Section 3914 Does Not Apply

Even assuming that Defendants are “insurers,” which they are not, they would not be subject to Section 3914’s notice requirement. The plain language of 18 Del. C. § 3901 makes clear that Section 3914’s notice requirement extends only to “contracts of casualty insurance covering subjects resident, located or to be performed in [ ] [Delaware].” FN17 Therefore, Section 3914 does not apply to out-of-state insurers issuing any policy covering a non-Delaware resident, non-Delaware property, or activities to be performed outside of Delaware.


FN17. 18 Del. C. § 3901 (“All contracts of casualty insurance covering subjects resident, located or to be performed in this State are subject to the applicable provisions of Chapter 27 (The Insurance Contract) of this title, and to other applicable provisions of this title.”).


Had the Legislature intended for out-of-state insurers to be included within the scope of Section 3914, it could have included the specific necessary language in Section 3901 and/or Section 3914. The Court may infer that omission of any reference to out-of-state insurers, or non-Delaware policies, was intentional.FN18


FN18. To broaden the scope of Section 3914, to include out-of-state insurers issuing non-Delaware related policies, would raise a host of public policy concerns. For instance, if an out-of-state insurer were required to give notice, a question arises as to what state statute of limitations the insurer would be required to provide. The injured plaintiff may elect to initiate litigation in the resident state, the tortfeasor’s resident state, or the state in which the accident occurred. To be in compliance with Section 3914, therefore, an insurer would have to give notice of all potentially applicable state statute of limitations. The Court finds no indication that the Legislature intended such a result.

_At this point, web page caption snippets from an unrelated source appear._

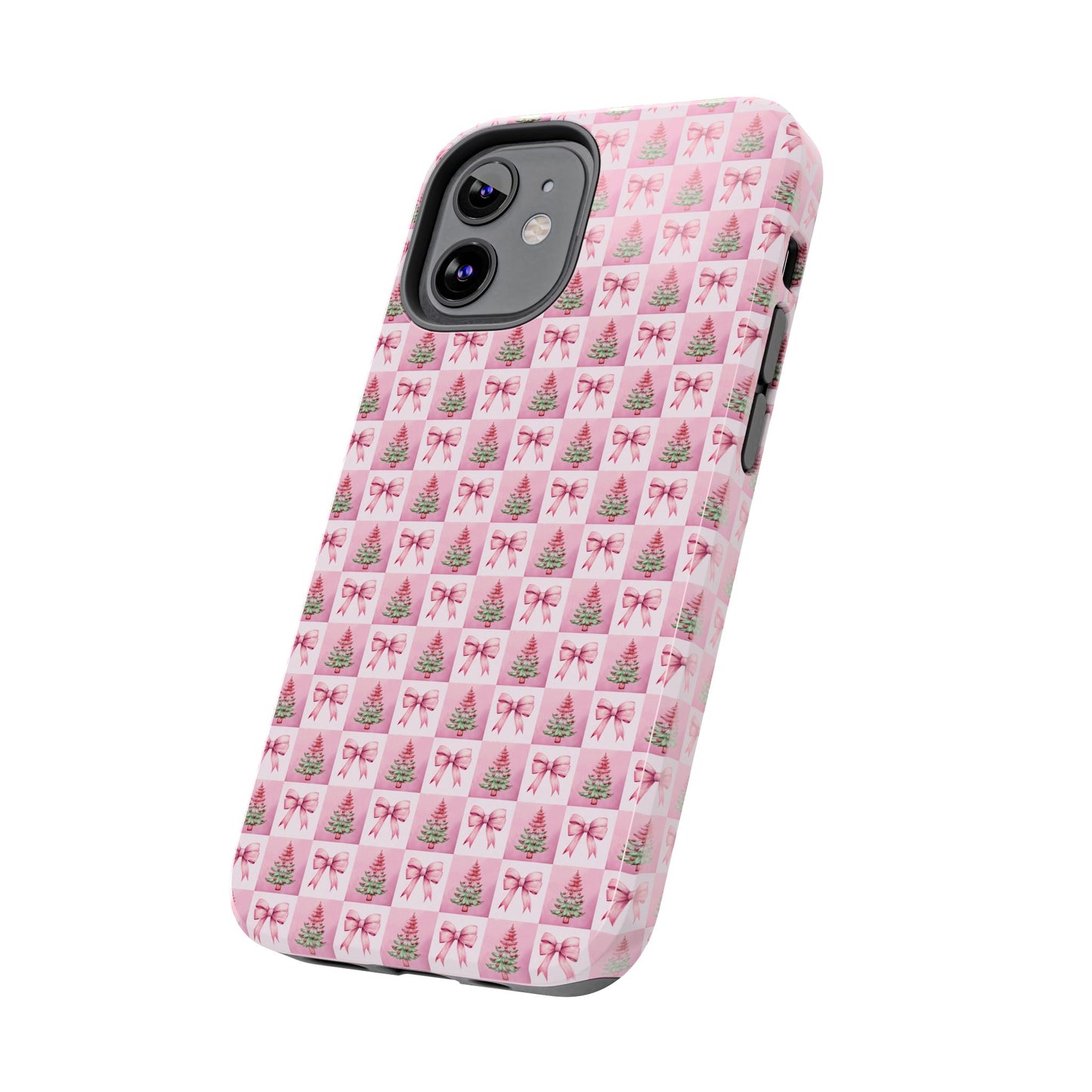 Pink Christmas Checkered -  Tough Phone Cases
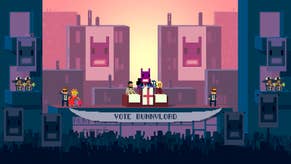 Not A Hero official image showing a purple bunny creature sitting above a St George's cross flag and a banner reading VOTE BUNNYLORD, in front of a silhouetted crowed in pixel art style.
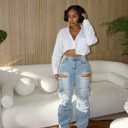 Women's High Waist Baggy Cargo Jeans Sexy Rhinestones Ripped Straight Wide Leg Denim Pants Y2K Streetwear with Pockets (Blue, L)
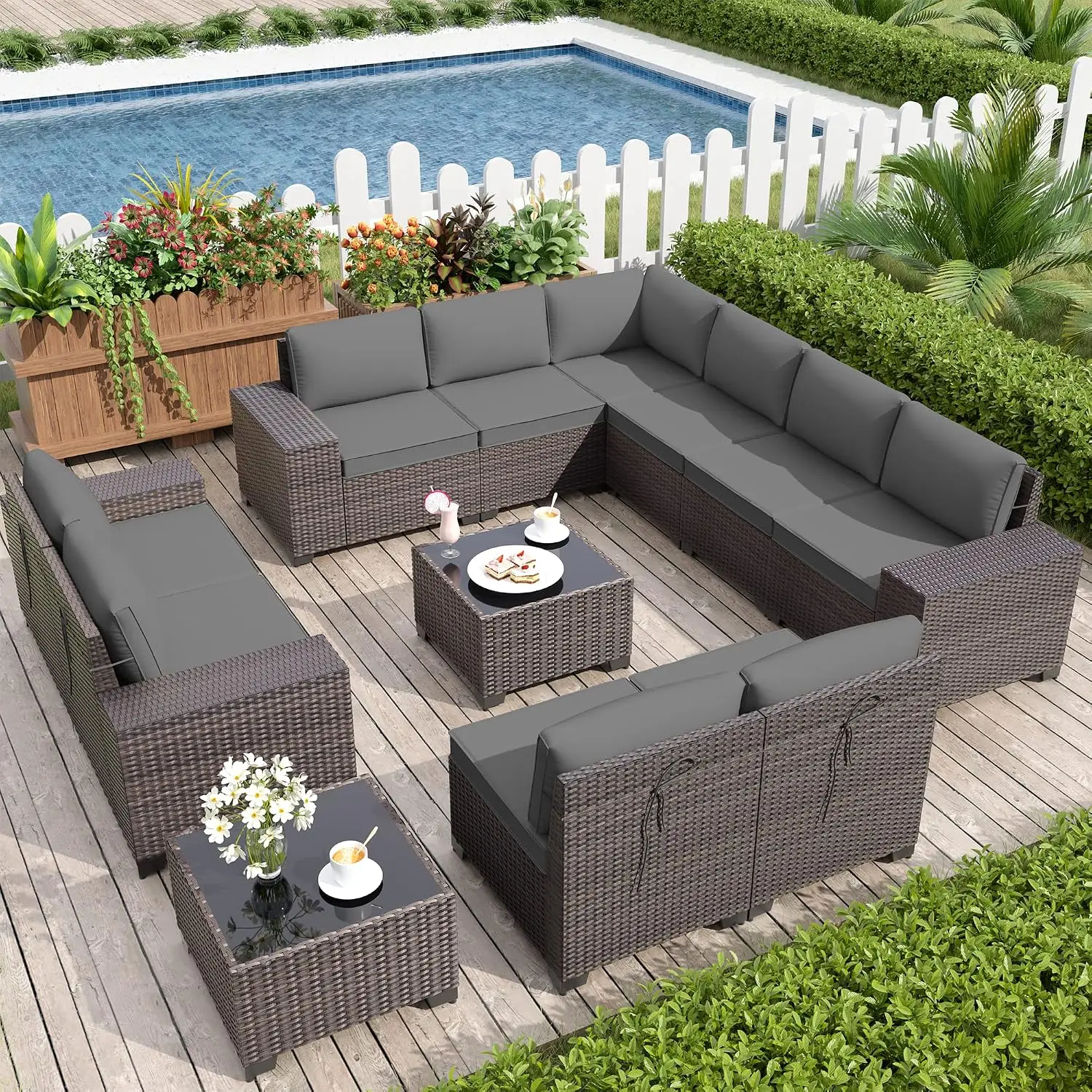 Плетеная мебель для патио из р – обзор и цена Outdoor Furniture Grey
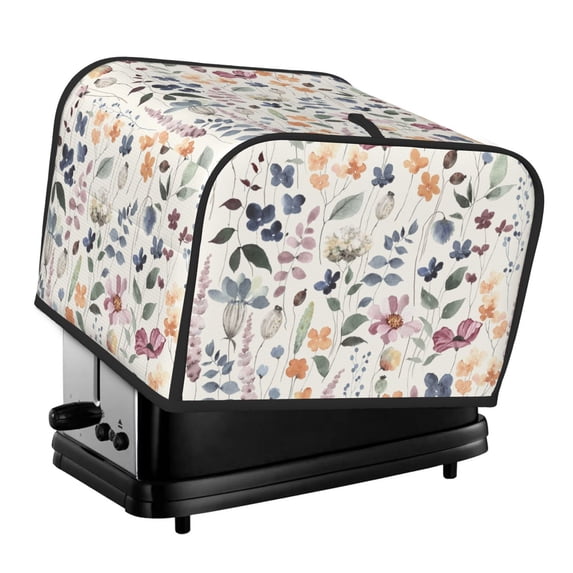 Daiia Watercolor Floral Pattern 4 slice Toaster Cover, Toaster Appliance Dust-proof Cover For Kitchen Small Appliance Dust Cover and Fingerprint Protection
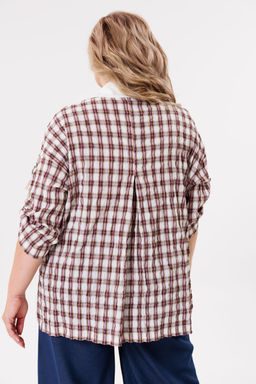 Блуза Michel Chic 751/1 клетка, бежевый  фото 4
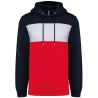 Sweat-shirt tricolore à capuche unisexe Kariban Marine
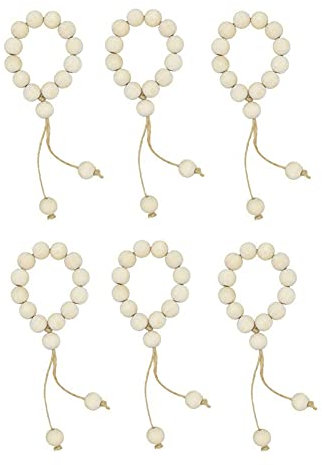 VENOAL , Holzperlen, – natürliche, rustikale Holzserviettenhalter, handgefertigte Holzperlen, Serviettenring, 6 Stück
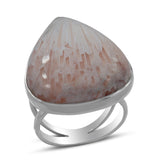 Pink Scolecite Silver Ring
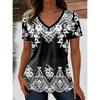 2025 Ethnic Women's T-shirt Retro Graphic Fashion Short-sleeved V-neck Regular Summer Spring Casual Top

Because Defendants are neither insurers nor self-insurers, Defendants are not subject to the notice requirement of 18 Del. C. § 3914. Therefore, Defendants are entitled to raise the statute of limitations as a defense to LaFayette’s action. The Court finds that LaFayette’s Complaint, filed nearly four years after the accident, is untimely.


THEREFORE, Defendants’ Motion to Dismiss is hereby GRANTED.